Thursday, April 14, 2005

The Philosophy of Science

I've been meaning to write something about the philosophical underpinnings of science. Unfortunately Kevin has beaten me to it. He does a wonderful job too, how annoying.
Science operates on the principle of methodological materialism, which means that science can only study the physical universe. Popularly though, science is often misappropriated and misrepresented to promote philosophical materialism, the unverified belief that the physical world is all that exists.
That basically hits all the bases.

Science is dedicated to only making judgements on things it can measure quantifiably. You can't measure the supernatural, not directly, and attempts to measure it indirectly, like the double blind studies about the effectiveness of prayer, are often treated with skepticism as well. Now this dedication to the physical and measureable is a good thing as a whole because resorting to theology to explain how something happens is usually a dead end.
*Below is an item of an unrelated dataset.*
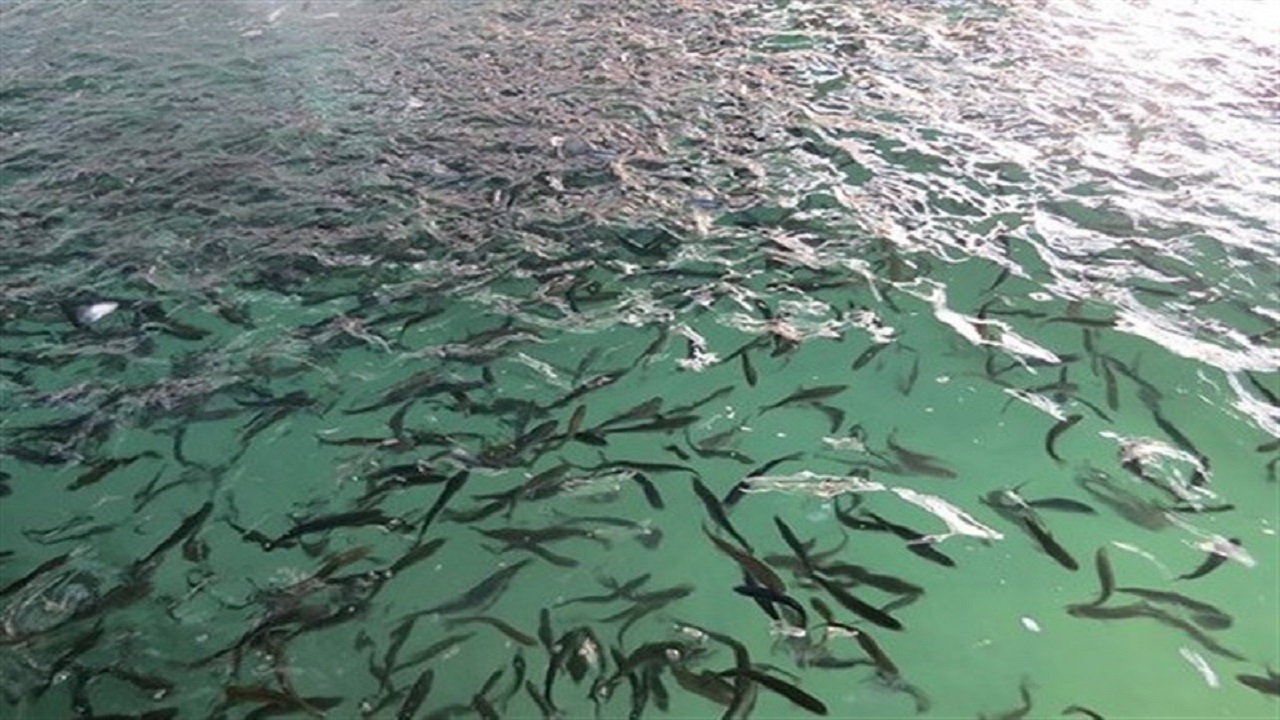 سالانه ۱۳ هزار تن ماهی در خراسان رضوی تولید می‌شود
Think about it, can't "God did it" be the answer to every question in one way or another? And once you conclude that God did it, going any further is not a matter of physics but meta-physics. You transform science into philosophy and theology.

However there are people that talk about science as if it proves that God doesn't exist or that there is no supernatural. Science proves philosophical materialism as it were. This is circular reasoning at a fundamental level. If the supernatural is not an allowable conclusion, then your results will never conclude that an event is supernaturally caused will they? This is the case even if the event in question was the result of direct divine intervention. So even if the supernatural is the right conclusion, science isn't allowed to make use of it.